I dropped a board and it took a chunk out of a piece of water table cap that is Azek. What is the best approach to repair this stuff? I use epoxy and bondo on wood, but not sure about the Azek. thanks, Nick.


----------



## Tom Struble (Mar 2, 2007)

you can use those fillers on azek too


----------



## Morning Wood (Jan 12, 2008)

Thanks Tom. The epoxy will stick to it? Usually west system doesn't stick to plastic. Although Azek is some other kind of plastic.


----------



## Tom Struble (Mar 2, 2007)

bond and fill has epoxy filler for pvc but you can use the stuff you use for wood too,or you can use a multimaster and carve out the bad peice and glue in a new section


----------



## TBFGhost (Oct 9, 2008)

cut it out and replace IMO


----------



## Morning Wood (Jan 12, 2008)

Too much work to cut out and replace. Aluminum flashing vycor mitered corner etc. Filling it will be the approach I take. Should be fine its in the back of the house. Plus it's my house, so I'll have to live with it.


----------



## Cole82 (Nov 22, 2008)

Did it crush/dent or did it take a chunk out? If it's a chunk then you can just take pvc glue and glue it back in.

Cole


----------



## Tom Struble (Mar 2, 2007)

thats another reason why it's best to paint pvc,makes it much easier to repair


----------



## TBFGhost (Oct 9, 2008)

If it is dented, use a heat gun, you can take out dents and dings. Azek has a memory.


----------



## Morning Wood (Jan 12, 2008)

Its worst case scenario. Dented and took a chunk out, and sort of deformed the area around the chunk. I'm going to try bondo and see what happens.
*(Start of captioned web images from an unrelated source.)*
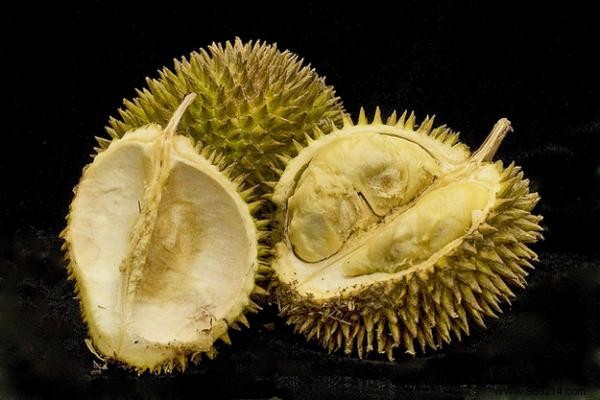 Discover 20 Rare Exotic Fruits from Around the World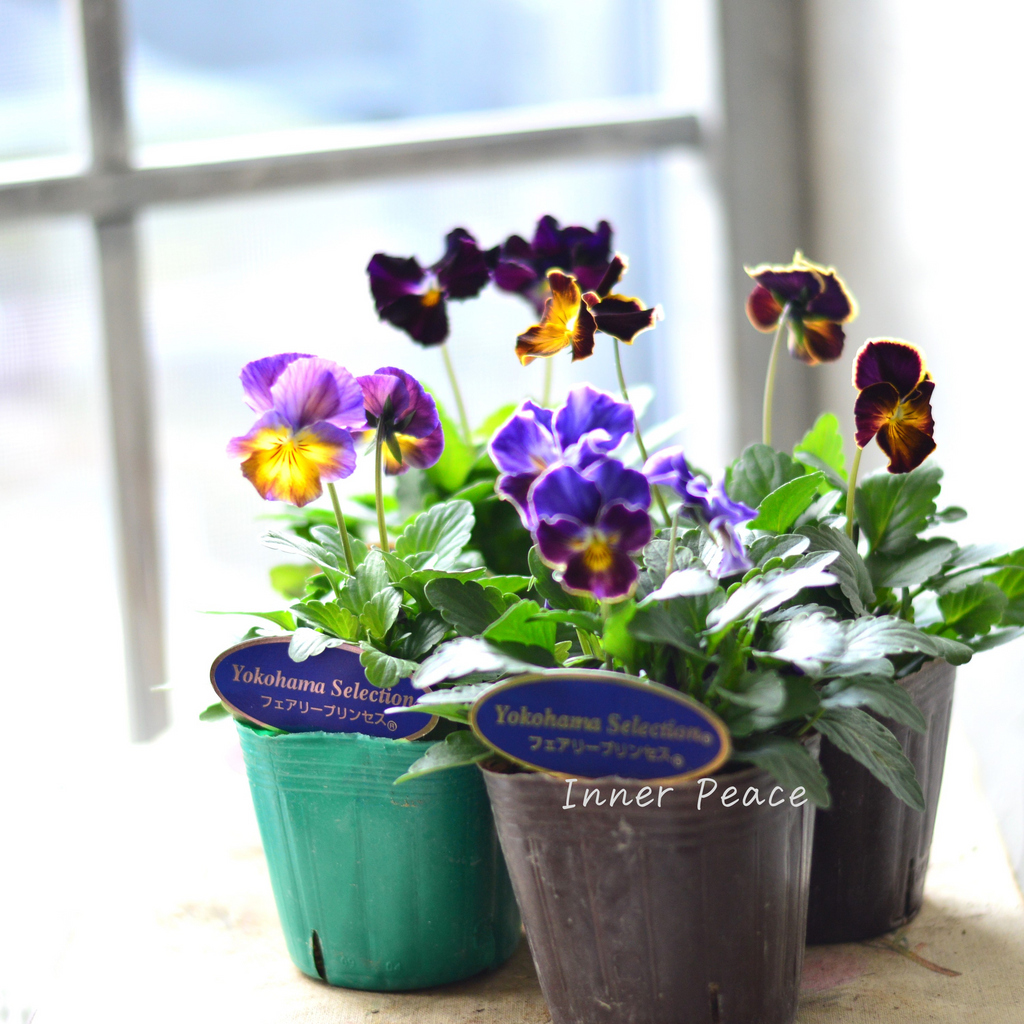 e41e80a10373d5ffde61d7124b815c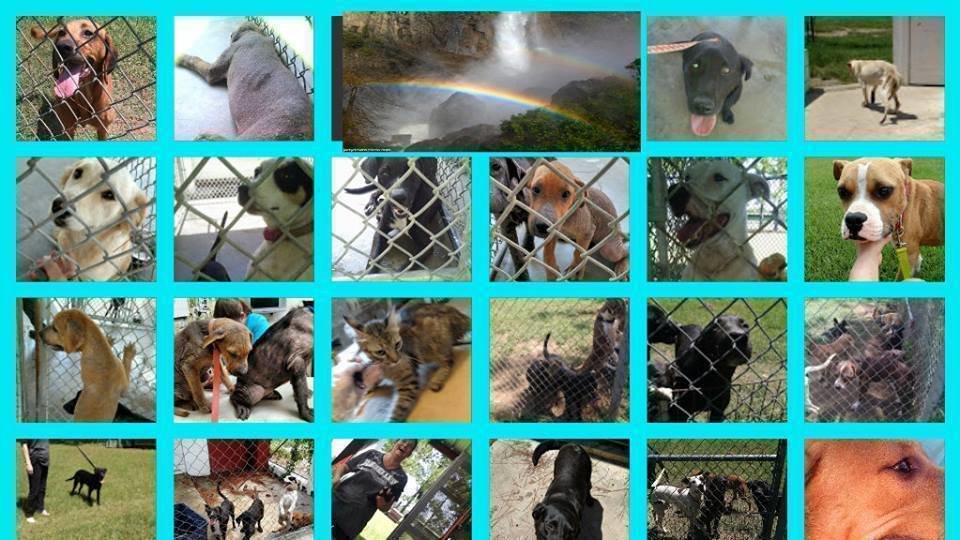 Petition · DISMISSAL OF BILL TERRY HEAD OF ANIMAL CONTROL IN MITCHELL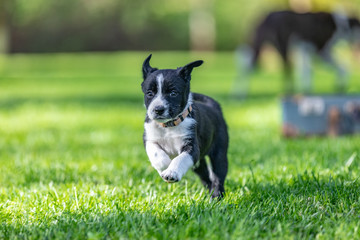 Little Border Collie puppy sitting running playing in the garden. Outdoor dog portrait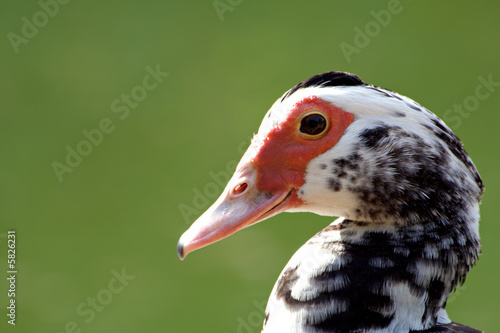 Duck Portrait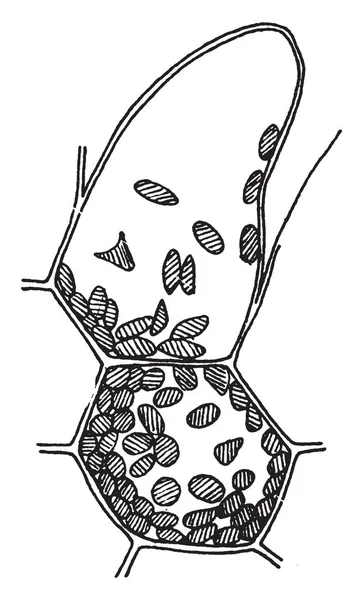 Les Fleurs Poussent Forme Typique Tombent Sépales Vers Base Feuilles — Image vectorielle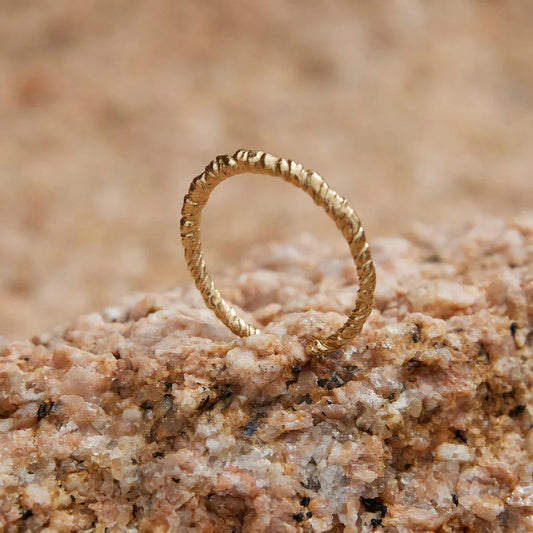 agapee zetita ring scene
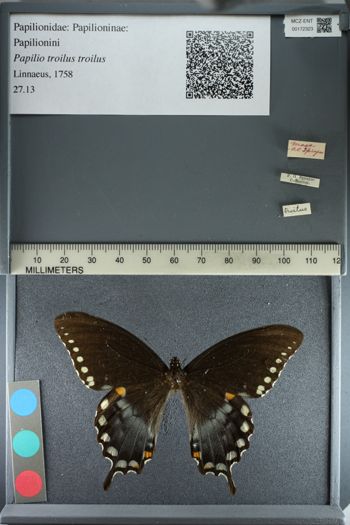 Media type: image;   Entomology 172323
Already had one coat of paint on it. I was going to repair it today and my dad said: why don't you wait till we finish siding...:laughing: That isn't a good sign.


----------



## Easy Gibson (Dec 3, 2010)

If it's what I'm picturing, I'd definitely say cut it out with a multimaster and patch in like Tom said.
The Azek brand PVC glue is pretty good and will get a good solid hold. I've patched in pieces with it.


----------